# Engine house



## Davidfd85 (Jul 4, 2011)

I'm working on the Alpine Division HO scale two stall engine house with interior. I'm painting the building a slightly brownish gray color and have been looking at the roof for it. I am going to keep it removable in two sections and have been thinking about the color for it. I was thinking the normal dark gray/black with some patches here and there but then I started thinking about a hot tar and stone roof would look better on it than just a rolled roof. The hot tar/stone roof fits that type of building better I think. I have some fine gray ballast and am thinking I'll just use that for it. 
Is this a bit to much? Fine ballast to big for the roof?
Let me know what ya'll think to help me decide this option.

Thanks
David


----------



## alcoman (Nov 4, 2009)

How about using sandpaper? Use some fine ballast and paint to make it less uniform in texture and color.


----------



## Model Train Structures (Oct 10, 2013)

I use sandpaper too.

D.A.


----------



## golfermd (Apr 19, 2013)

Hadn't thought about using the sandpaper. Great idea! I have a lot of sticky back stuff I am using for other projects so no problem getting it. What grit would you recommend?


----------



## apoc444 (Jan 28, 2013)

pictures man this needs pics


----------



## raleets (Jan 2, 2011)

I recently scratch built a small animal shed for my layout and used medium brown 50 grit sandpaper for the roof. It looks great!


----------



## Model Train Structures (Oct 10, 2013)

golfermd said:


> Hadn't thought about using the sandpaper. Great idea! I have a lot of sticky back stuff I am using for other projects so no problem getting it. What grit would you recommend?


It depends on the scale. If it's a small scale like HO, I use fine grit. If it it larger scale like O, I'll use larger 80 grit. I paint mine too to give it depth and realism. I sometimes use sandpaper for ground cover depending on the application. Apoc suggested pics, so here are a few of some ground cover.
Thanks for looking,
D.A.


----------



## raleets (Jan 2, 2011)

Sure do wish there was a Studebaker like that available in HO scale!


----------



## Model Train Structures (Oct 10, 2013)

raleets said:


> Sure do wish there was a Studebaker like that available in HO scale!

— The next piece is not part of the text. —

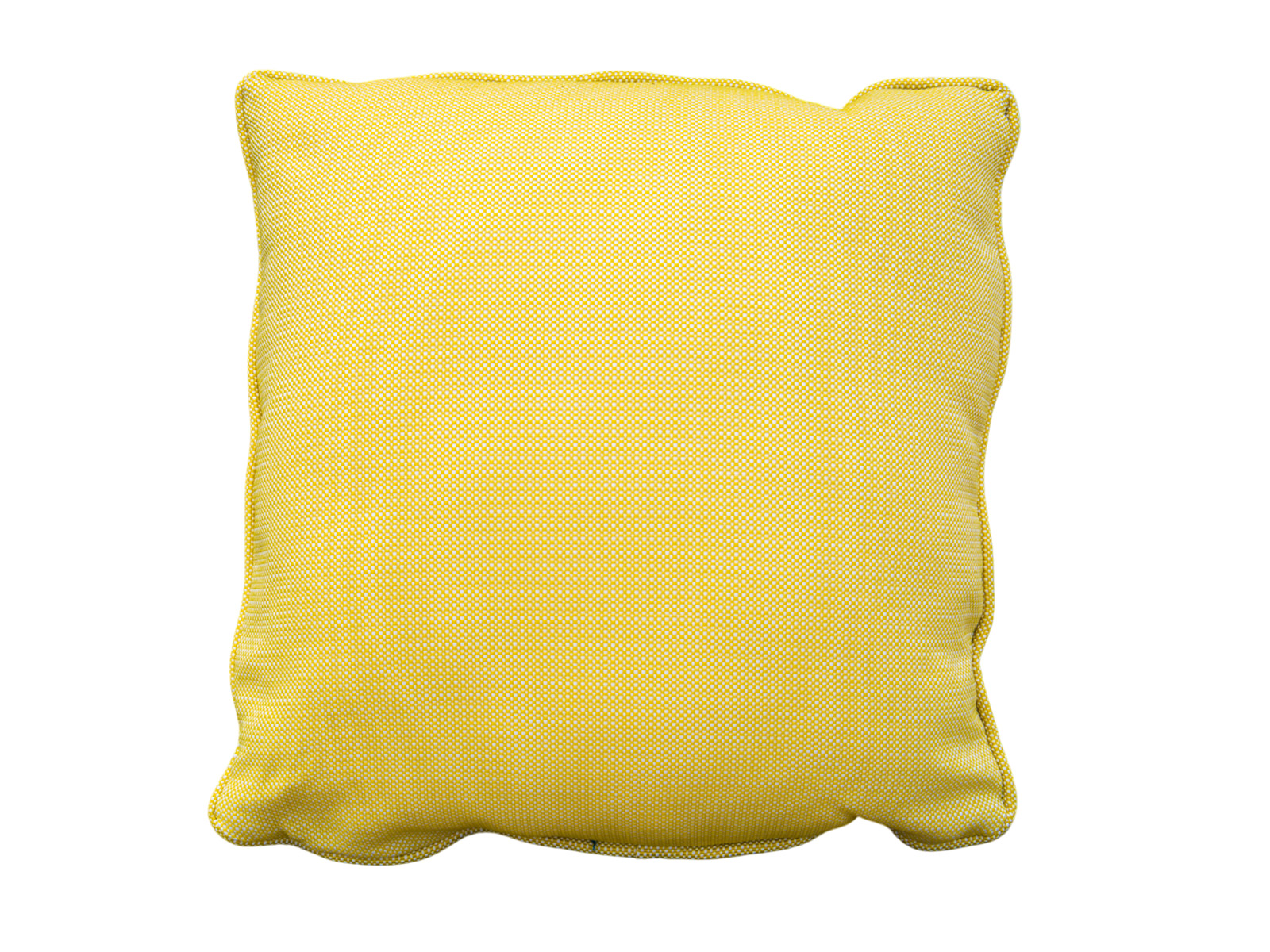 Paris Scatter Cushions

Raleets, This '57 Stude is for an O scale layout; it's 1:43. When I bought it, it was a brand new bright and shiny donor, now it's hard to tell where the rust starts and the red mud stops. LOL Here's a pic of the overall car.


----------



## raleets (Jan 2, 2011)

My grandfather worked at Studebaker in South Bend and helped build those cars. He was a welder on the final line.
Can't find any Stude's in HO.


----------



## Model Train Structures (Oct 10, 2013)

Here's a few Studes I found in 1:87 scale. Scroll down the whole page.
http://www.ebay.com/sch/i.html?_trk...baker&_nkw=1:87+studebaker&_sacat=0&_from=R40

For some reason that link didn't work. Go to 'fleabay' and type in: 1:87 Studebaker


----------



## raleets (Jan 2, 2011)

Lo and behold......I just found a '59 Hawk on fleaBay. Cheap too, so I've got a bid going.
It's not the greatest, but better than no Studebaker at all.


----------



## Davidfd85 (Jul 4, 2011)

So I have gotten the hot tar and stone roof completed today and mounted it. I still have more work to do on the entire house before its completely done. I first painted the panels black then a pretty good layer of glue brushed on followed by a heavy layer of WS fine gray blend ballast. Tapped off the excess and let it dry over night.







Thanks for all the help and comments

David


----------



## raleets (Jan 2, 2011)

Excellent work. Looks great! :appl:


----------



## Model Train Structures (Oct 10, 2013)

Nice work David! Is it a scratch build?

D.A.


----------